Elle leva les yeux et vit que le prince souriait également, mais son expression se modifia bientôt, son visage exprimant la déception.
— Hélas, je pensais qu’il s’assortirait à l’immense beauté dont j’ai tant entendu parler, mais je constate maintenant que ce collier semble bien terne à côté de vous.
Hélène ne put s’empêcher de sourire en l’entendant la flatter, et elle sentit ses joues s’empourprer sous son maquillage. Sa beauté était-elle réellement réputée jusqu’à Troie ? En réalité, elle ne savait à quelle distance se trouvait cette cité, mais ces paroles lui donnèrent l’impression que l’on parlait d’elle dans le monde entier. Même après toutes ces années, elle avait gardé de l’importance. Elle était encore quelqu’un aux yeux de jeunes hommes issus de pays étrangers, même si cela n’était plus le cas ici à Sparte. Grâce à ces quelques mots, Hélène se sentit brusquement mieux qu’elle ne l’avait été depuis longtemps.
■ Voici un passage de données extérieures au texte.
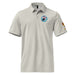 748th Bombardment Squadron Adidas® Unisex Space-Dyed Polo Tactically Acquired Grey One Heather S 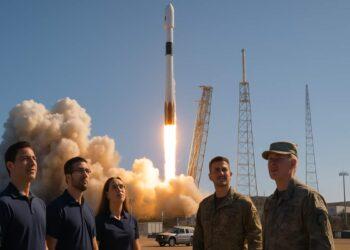 Rheinmetall e Argotec, satellite per la difesa lanciato con Falcon 9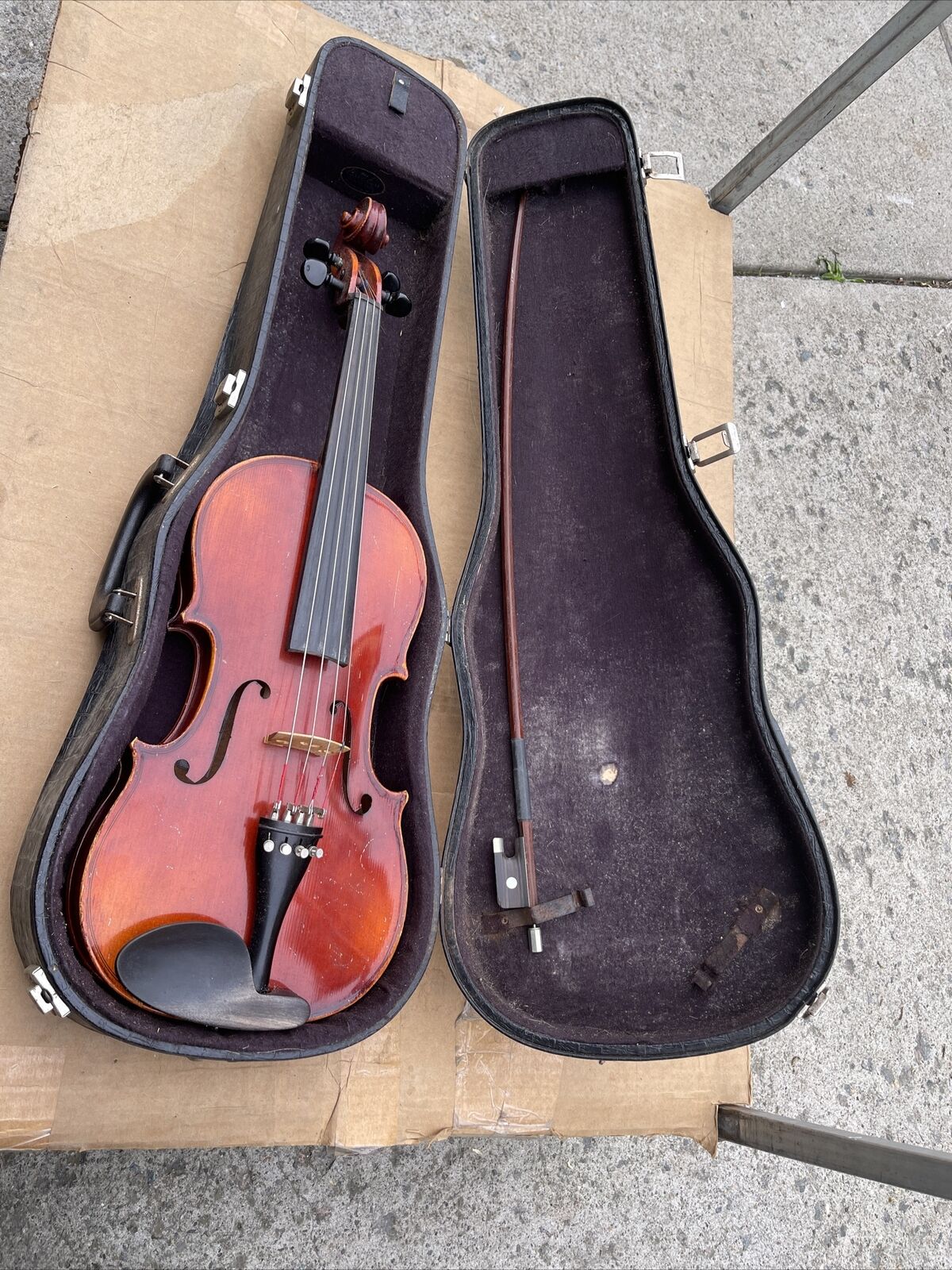 Rare John Juzek Prague Violin 4/4 VIP Collector's Item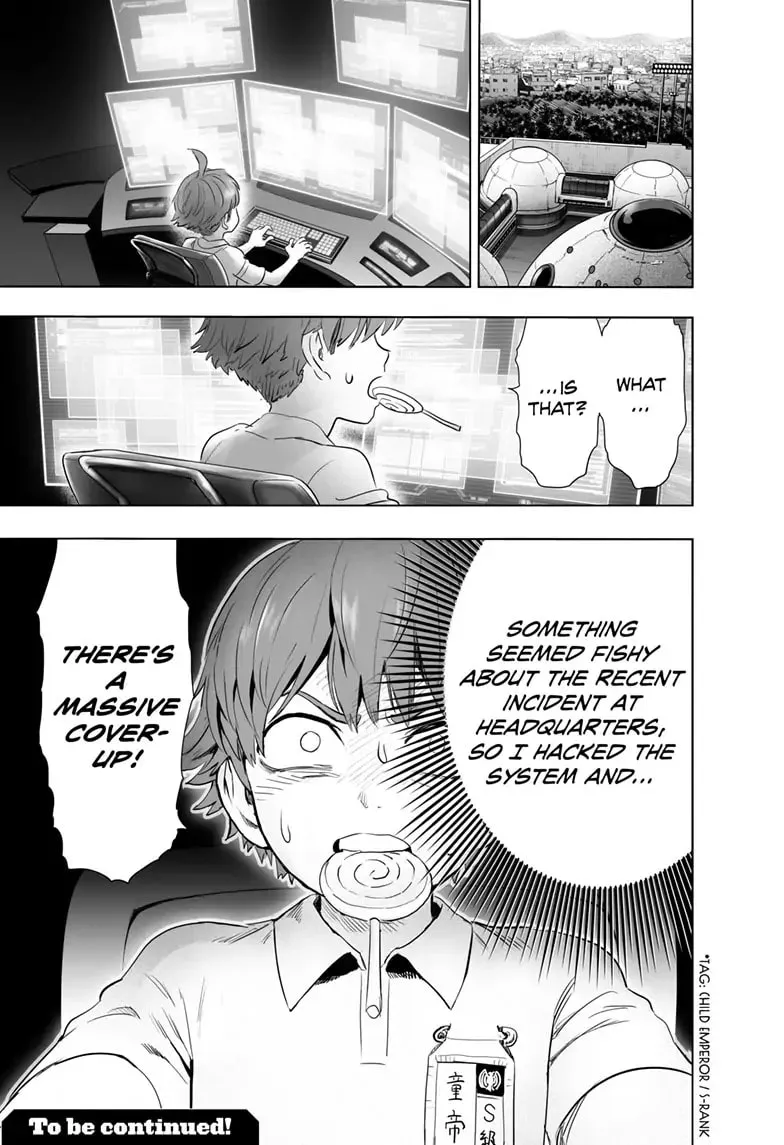 One Punch Man, chapter 181, page 26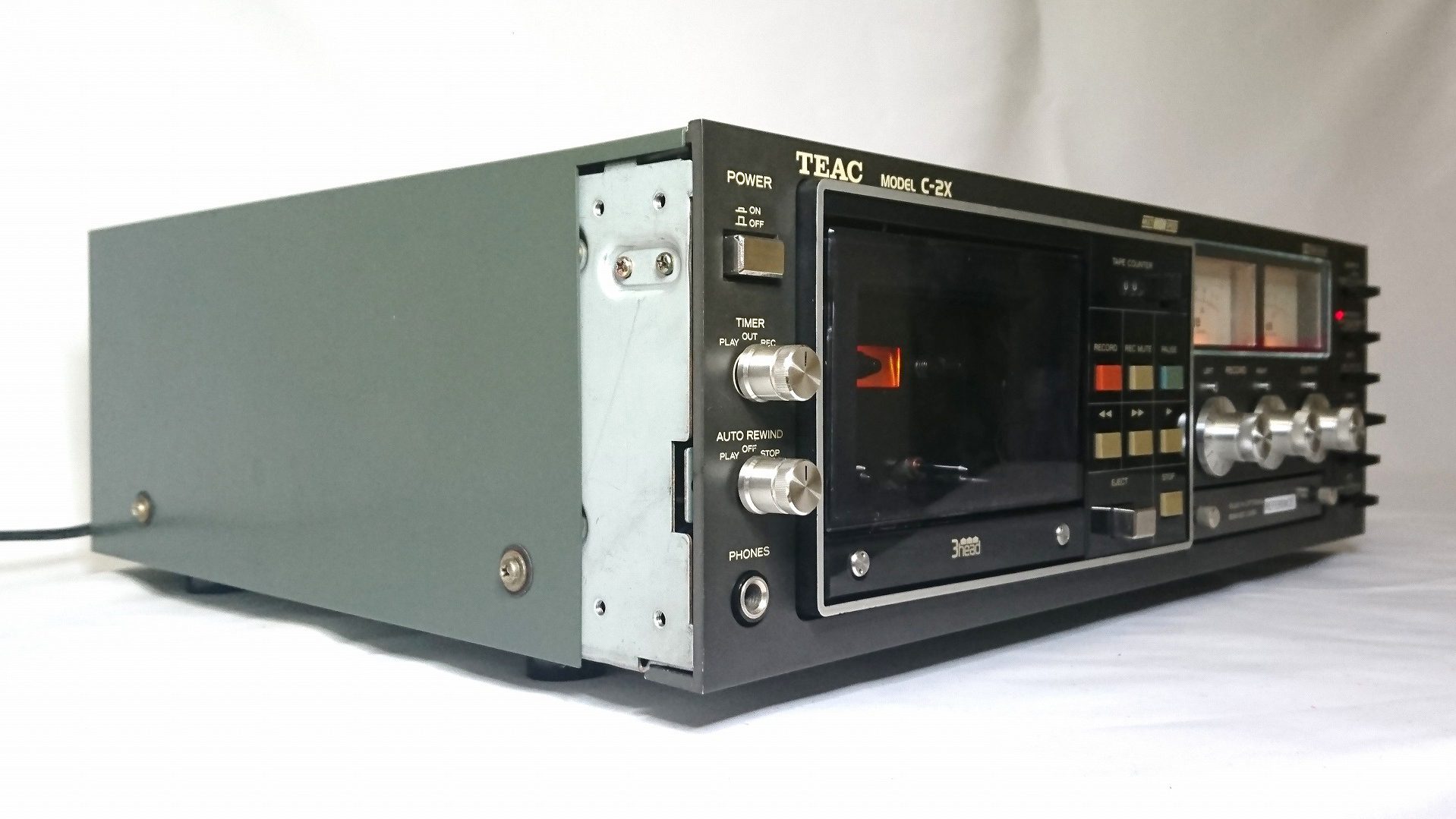 TEAC C-2X◇C-1がヘビー級ならコイツはウェルター級だ！ | スーパー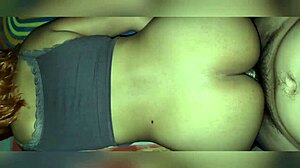 Single Mom Enjoying Time While Kids Play In The Yard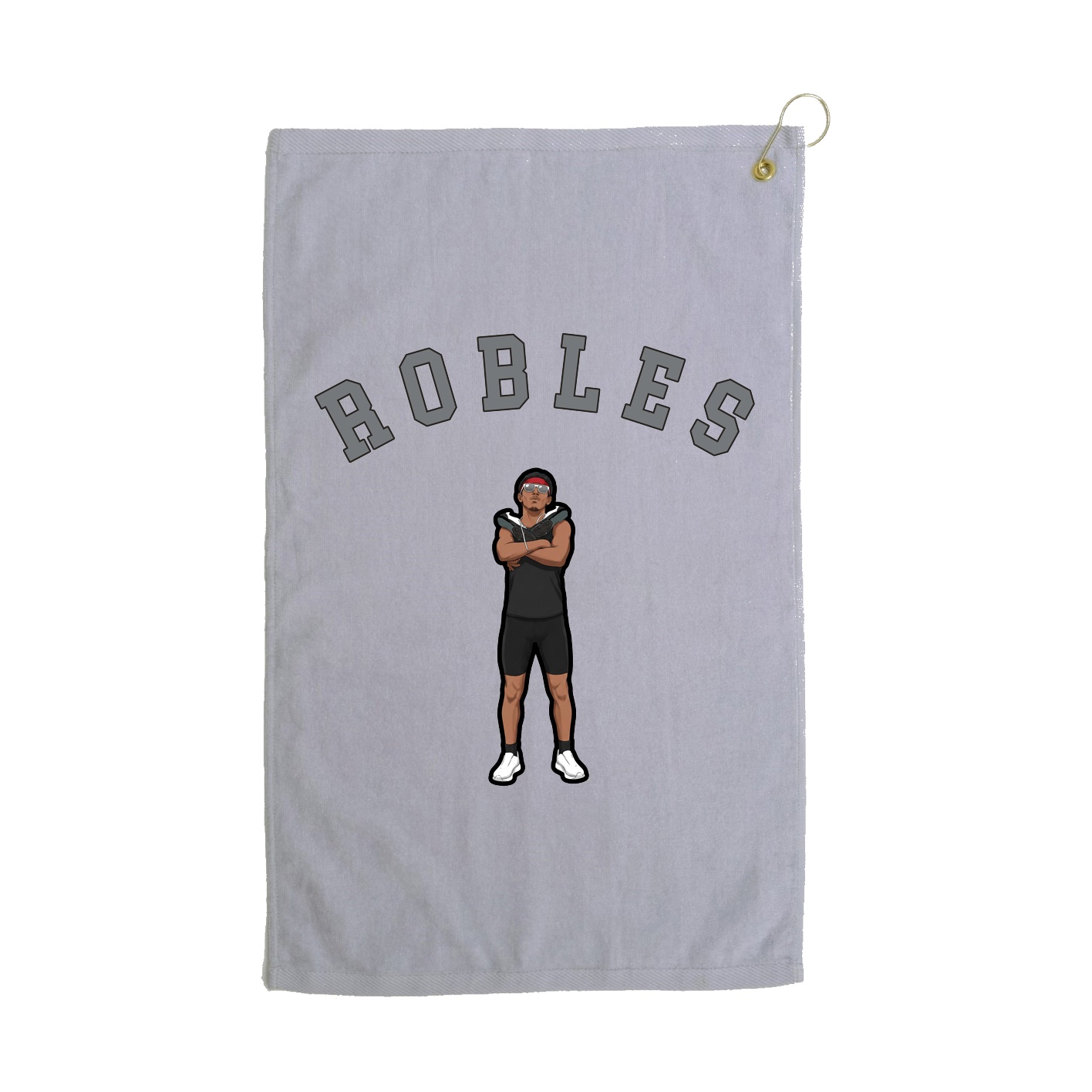 Golf Towel — Shirsey Arch in Grey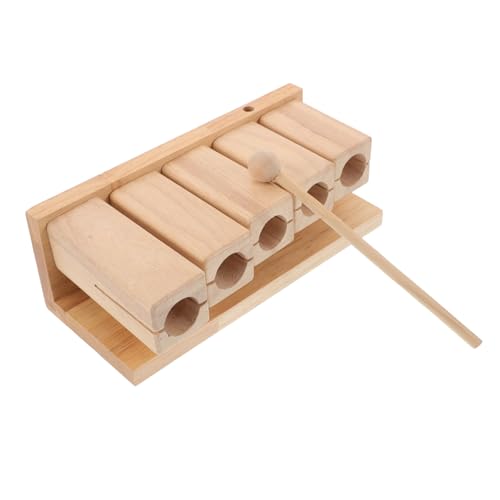 HONITANO Holz Rhythmusblock Töne Pentatonische Klangblöcke mit Schlägeln Pädagogisches Orff-Musikinstrument für Gruppenunterricht Montessori Musikförderung HONITANO Holz Rhythmusblock Töne Pentatonische Klangblöcke mit Schlägeln Pädagogisches Orff-Musikinstrument für Gruppenunterricht Montessori Musikförderung von HONITANO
Maintenant que les présents avaient été offerts, ils furent emportés ailleurs, de sorte que les festivités purent commencer. Hélène resta d’humeur joyeuse pendant le reste de la soirée, et si le prince ne s’adressa plus à elle, elle constata que ses yeux croisaient les siens à plusieurs reprises. Elle oublia son désir de parler à sa mère, passant le reste de la soirée à sourire et à observer le prince éblouissant installé de l’autre côté de la salle pleine à craquer de convives.